As mentioned above, volume is also important when considering what to do with outliers in your data. The larger your audience pool is, the less impactful your outliers are.
Think about it, if you had one individual that made a purchase of $1,000 the average revenue per user will be impacted more if you are looking at 20 purchases alone vs. 2,000 purchases.
Though it is common to exclude top and bottom outliers from your data, is not always the right thing to do.
For example, if your KPI is revenue per user, you cannot exclude the bottom 5% of your data because those ‘outliers’ include users who did not make a purchase vs. those who made a purchase: ($100 + $0)/2 users vs, ($100)/1 user.
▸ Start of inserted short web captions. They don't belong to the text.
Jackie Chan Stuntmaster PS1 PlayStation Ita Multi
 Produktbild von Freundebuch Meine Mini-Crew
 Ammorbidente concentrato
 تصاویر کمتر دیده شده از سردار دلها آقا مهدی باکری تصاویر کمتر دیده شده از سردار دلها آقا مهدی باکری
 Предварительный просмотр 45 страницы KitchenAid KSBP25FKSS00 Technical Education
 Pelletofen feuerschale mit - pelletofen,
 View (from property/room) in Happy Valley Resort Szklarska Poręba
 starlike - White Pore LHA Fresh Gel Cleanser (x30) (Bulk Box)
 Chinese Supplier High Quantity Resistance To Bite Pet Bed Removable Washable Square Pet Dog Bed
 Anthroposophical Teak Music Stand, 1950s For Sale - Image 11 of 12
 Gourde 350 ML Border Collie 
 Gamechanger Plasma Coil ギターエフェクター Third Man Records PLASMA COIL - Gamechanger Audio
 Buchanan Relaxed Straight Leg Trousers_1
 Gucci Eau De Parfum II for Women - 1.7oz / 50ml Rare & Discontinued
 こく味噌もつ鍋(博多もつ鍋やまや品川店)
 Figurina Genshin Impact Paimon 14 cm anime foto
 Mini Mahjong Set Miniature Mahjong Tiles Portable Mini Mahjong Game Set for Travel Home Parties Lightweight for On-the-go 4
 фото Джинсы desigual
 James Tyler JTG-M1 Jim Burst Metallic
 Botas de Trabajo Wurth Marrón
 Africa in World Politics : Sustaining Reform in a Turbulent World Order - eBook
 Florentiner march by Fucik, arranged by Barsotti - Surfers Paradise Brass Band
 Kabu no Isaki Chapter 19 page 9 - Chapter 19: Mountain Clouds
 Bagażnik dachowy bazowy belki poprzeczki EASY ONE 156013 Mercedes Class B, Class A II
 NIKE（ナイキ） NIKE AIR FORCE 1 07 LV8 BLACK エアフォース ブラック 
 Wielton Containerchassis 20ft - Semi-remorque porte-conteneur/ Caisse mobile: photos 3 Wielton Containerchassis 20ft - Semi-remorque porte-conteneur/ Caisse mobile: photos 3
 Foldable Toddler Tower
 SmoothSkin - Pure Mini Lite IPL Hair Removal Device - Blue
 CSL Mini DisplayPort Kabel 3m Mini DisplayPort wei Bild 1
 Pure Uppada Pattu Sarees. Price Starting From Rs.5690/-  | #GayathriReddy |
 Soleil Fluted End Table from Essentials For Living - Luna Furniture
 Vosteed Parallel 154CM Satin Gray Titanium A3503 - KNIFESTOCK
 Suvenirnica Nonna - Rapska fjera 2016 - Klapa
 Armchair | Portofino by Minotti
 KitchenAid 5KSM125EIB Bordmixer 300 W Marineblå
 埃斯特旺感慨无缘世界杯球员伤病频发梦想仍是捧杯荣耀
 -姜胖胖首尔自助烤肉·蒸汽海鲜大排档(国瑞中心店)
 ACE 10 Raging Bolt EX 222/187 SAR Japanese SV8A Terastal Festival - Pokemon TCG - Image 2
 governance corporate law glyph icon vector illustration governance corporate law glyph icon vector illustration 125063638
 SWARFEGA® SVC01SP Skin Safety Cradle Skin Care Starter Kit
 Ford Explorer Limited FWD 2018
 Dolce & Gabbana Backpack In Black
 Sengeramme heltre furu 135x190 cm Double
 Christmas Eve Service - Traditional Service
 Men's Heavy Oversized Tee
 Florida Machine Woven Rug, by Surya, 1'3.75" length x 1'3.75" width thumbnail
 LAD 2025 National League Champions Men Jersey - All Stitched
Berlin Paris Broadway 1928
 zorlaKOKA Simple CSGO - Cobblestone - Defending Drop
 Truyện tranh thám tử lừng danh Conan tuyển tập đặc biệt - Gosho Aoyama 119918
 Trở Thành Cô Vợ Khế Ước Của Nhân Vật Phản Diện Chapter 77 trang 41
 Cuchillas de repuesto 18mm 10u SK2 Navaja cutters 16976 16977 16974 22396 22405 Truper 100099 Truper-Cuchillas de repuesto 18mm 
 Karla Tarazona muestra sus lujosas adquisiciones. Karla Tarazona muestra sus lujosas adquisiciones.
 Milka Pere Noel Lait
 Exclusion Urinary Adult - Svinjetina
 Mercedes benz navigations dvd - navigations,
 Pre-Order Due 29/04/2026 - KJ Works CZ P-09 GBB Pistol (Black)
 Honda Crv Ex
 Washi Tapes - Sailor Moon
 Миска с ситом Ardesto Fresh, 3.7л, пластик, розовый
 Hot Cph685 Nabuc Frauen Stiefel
Another thing to note, you may need to choose the right method to “normalize” your data according to your KPI.
One example is using an average of averages approach in order to eliminate the inflation caused by high volume segments. When simply calculating your result’s average, you are not taking into account the impact of the size or volume of your segment.
Let’s say we only have purchase orders in two states, New York and Pennsylvania.
The total order amount in NY is $1,000 for 10 orders and $100 for 2 orders in PA.
With an average calculation, the average purchase order is $1100/12 = $91.67.
This means that NY influenced the results here due to the higher-order volume and purchase amount. Therefore, this is not a good representative example of PA average order amount.
With an average of averages ($1000/10 +$100/2)/2 = $75, which is a $16 difference from the averaged calculation above.
Having the right method to deal with edge cases in your data can have a serious impact on the calculation of your test results.
That’s why there is no “one method fits all” but rather a carefully crafted calculation based on each brand’s business model.
4. Pay attention to seasonality
Choosing the right time to start running your test is crucial.
When you’re looking at your KPIs, take into consideration the normal trends of behavior for your users.
One example that comes to mind is if you decided to launch your test around the holiday season, particularly when it falls on Black Friday and Cyber Monday.
The results of your campaign will output a larger lift than the control group in this case because it’s not the right indicator of how the campaign would have performed had there not been any special events during that time. Keep in mind other major events or market trends happening when you want to run a test to prevent shifting the data unnecessarily.
5. Establishing the right process to ingest and review the data from your test
All of your efforts could go to waste if you are not able to analyze the results properly and better yet, take immediate action. Properly analyzing and reporting on your test results is a long and expensive process and can really drain your resources (particularly for your data team).
Since some networks provide partial raw data or none at all, AppsFlyer closes the gap by providing an easy way to ingest the raw data you need to make informed decisions.
And we don’t stop there. Given AppsFlyer’s extensive experience in data visualization, we are working on providing some powerful visuals for your A/B testing and reporting needs.
Final words
Leading companies will agree on the importance of a test and learn mindset.
With remarketing budgets growing and advertisers experimenting with different placements, networks and ad formats, understanding the true impact of your remarketing efforts is crucial in making budgeting decisions and justifying scale.
More and more brands are developing testing methods to optimize their marketing program, and AppsFlyer is keeping up with the demand to provide high-end solutions for advanced marketing needs.